Kidney cancer is somewhat more common in men and is usually diagnosed between the ages of 50 and 70 years. The reason of kidney cancer is unidentified, although it may be connected to numerous risk factors such as smoking, obesity, workplace exposure to chemicals, high blood pressure. Every year, kidney cancer is analyzed about 190,000 people worldwide.

It is important to realize that robotic surgery in Indiawith early diagnosis and treatment, kidney cancer can be cured. In fact, the survival rate ranges from 79 to 100 percent. Treatment of maximum kidney cancers starts with exclusion of the primary tumor in an operation called a nephrectomy. The main reason of surgery is to remove the primary tumor and complex tissue in the kidney. Even if cancer has already circulate, a nephrectomy might still be helpful because the body then have fewer cancerous cells to fight through treatments that doctors prescribed after surgery.

Kidney Cancer does not have an early symptom but now before consulting the doctor one can observe the symptoms of cancer by his own.

Followings are possible symptoms:
• Blood in urine
• Lump in your abdomen or side
• Unexplained weight loss
• Pain in your side that doesn’t go away
• Loss of appetite
• Extreme fatigue
• Anemia

Kidney cancer that propagates to other parts of our body may create other symptoms, like:
• Shortness of breath
• Coughing up blood
• Bone pain

Some of the Causes & Risk Factors for Kidney Cancer are as follows.

Investigators have found numerous risk factors that make you more likely to grow kidney cancer. The following are some of the risk factors for developing kidney cancer:
• Smoking
• Hypertension
• Having certain hereditary conditions, such as von Hippel-Lindau (VHL) disease or inherited papillary renal cell carcinoma.
• Obesity
• Family history of kidney cancer
• Chronic kidney dialysis and/or failure
• Tuberous sclerosis (common genetic condition that produces growths in the body from birth throughout adulthood)
• Using certain pain medications for a long time.

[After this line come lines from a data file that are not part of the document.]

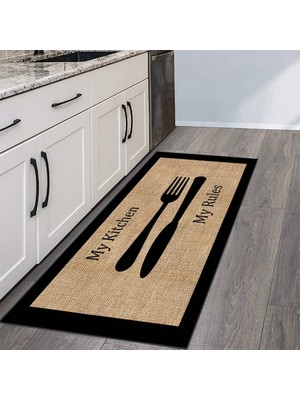 Rovigo Home Dijital Baskı Yıkanabilir Kaymaz Taban Mutfak Halısı RVG2119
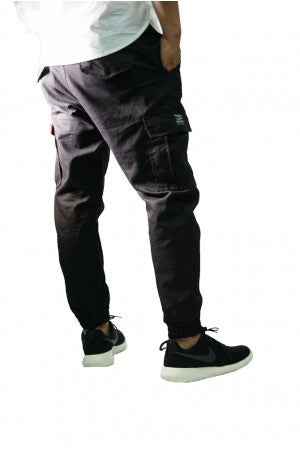 Cargo Jogger Pants With Coating in Black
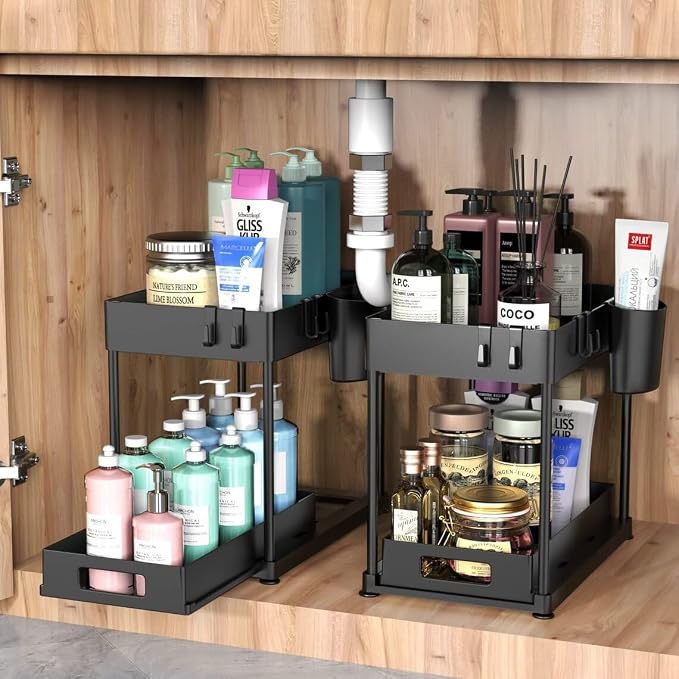 2 Pack Under Sink Organizer, Kitchen and Bathroom Under Sink Organizers and Storage with Pull out Bottom Drawer, Strong Built More Storage Multi-Purpose Organizer with Cups and Hooks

Some of the basic Treatments for the Kidney Cancer are as follows:
• The primary treatment option for kidney cancer is to remove all or part of the kidney and the tumor.
• In many cases, there is a possibility that only some part of the kidney is affected, hence removal of cancerous part serves the purpose. Such type of surgery is called Partial Nephrectomy.
• Kidney cancer that persists and propagate to other parts of the body might not be treatable, but may be controlled with treatment
• Kidney cancer does not respond well to radiation and chemotherapy treatments.

It is advisable for patients to consult a doctor first and then decide the treatment, since treatment is dependent upon patient’s characteristics. Information provided over here is for the reference purpose only.

Why to choose Robotic Surgery:
Kidney treatment is possible by Open Surgery or Laparoscopic surgery. In open surgery, the doctors make a big scar and then perform the operation. This result in heavy blood loss and more complications.

The preferable way to open surgery is laparoscopic surgery, where tiny cuts are made by the surgeons. This surgery provides faster recovery and comparatively less complications.

The advancement to laparoscopic surgery is Robotic Kidney Surgery, where similar number of cuts is made. But in this surgery, the surgeon sits at one end and operates the robots. The robotic hands can move 360 degree and the High Definition camera provides 3D view. This helps surgeon to analyze the depth and helps him to make surgery easier.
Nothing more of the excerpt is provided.